(Image-caption web data)
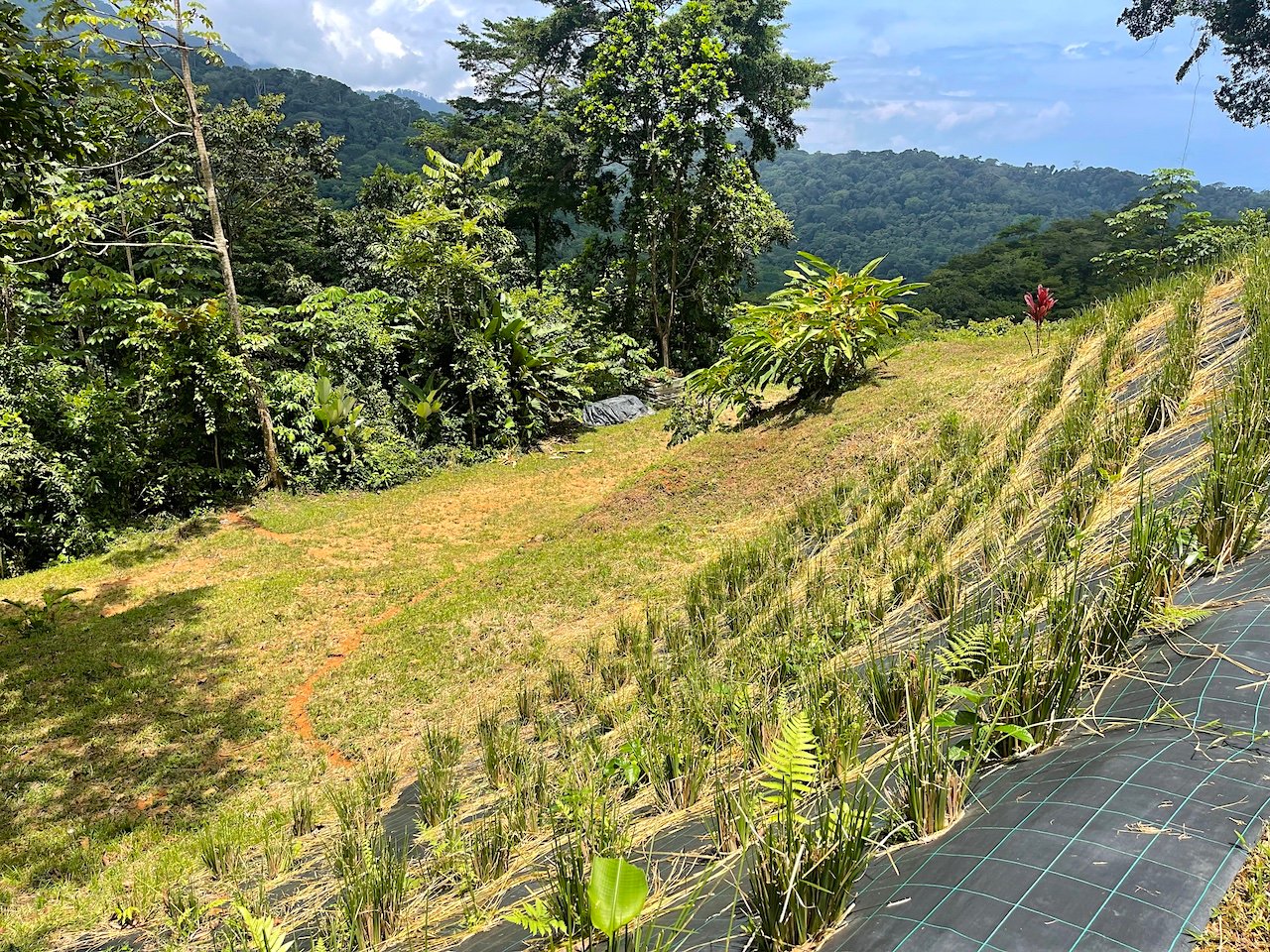 25-Acre Development Land in Uvita property photo 5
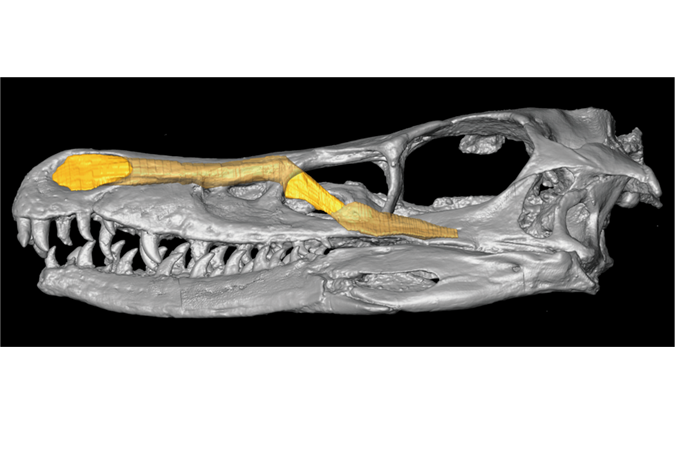 肉食恐竜における鼻を使った脳冷却システムの進化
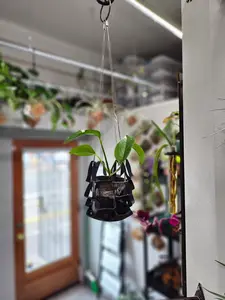 Small Plant Hanging Hammock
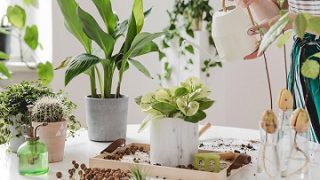 Tips for taking care of indoor plants.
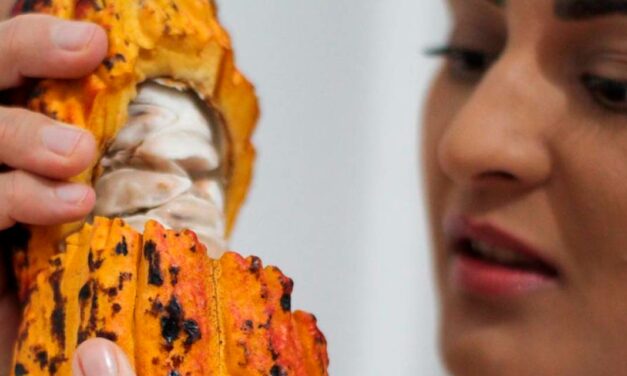 Dia do Nordestino: Empreendedora baiana transforma os grãos do cacau do pai em chocolate na periferia de São Paulo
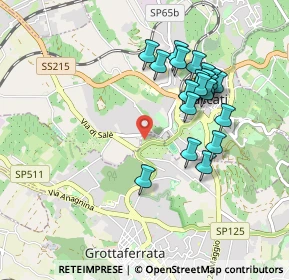 Mappa Via del Termine, 00046 Grottaferrata RM, Italia (0.9295)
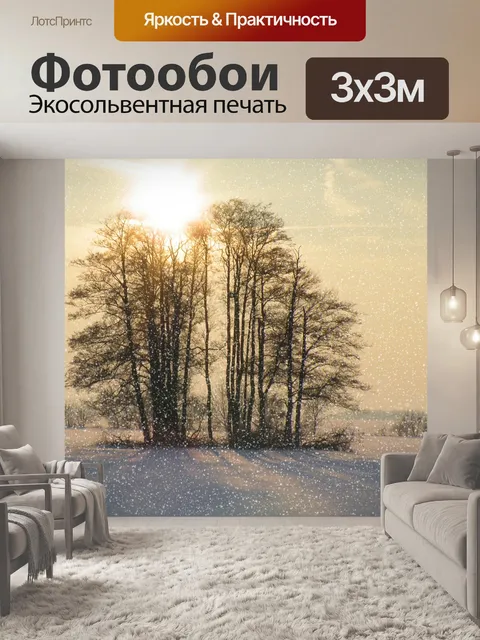 Фотообои Зимние впечатления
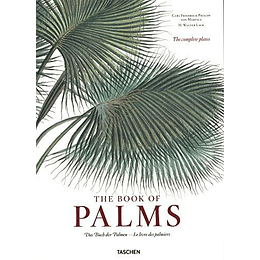 The Book Of Palms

§ Instructions for the task
Please return, exactly and with pictures omitted, the lines from the line holding "Small Plant Hanging Hammock" through the end of the data above, inclusive.

§ Worked solution
 Small Plant Hanging Hammock
 Tips for taking care of indoor plants.
 Dia do Nordestino: Empreendedora baiana transforma os grãos do cacau do pai em chocolate na periferia de São Paulo
 Mappa Via del Termine, 00046 Grottaferrata RM, Italia (0.9295)
 Фотообои Зимние впечатления
 The Book Of Palms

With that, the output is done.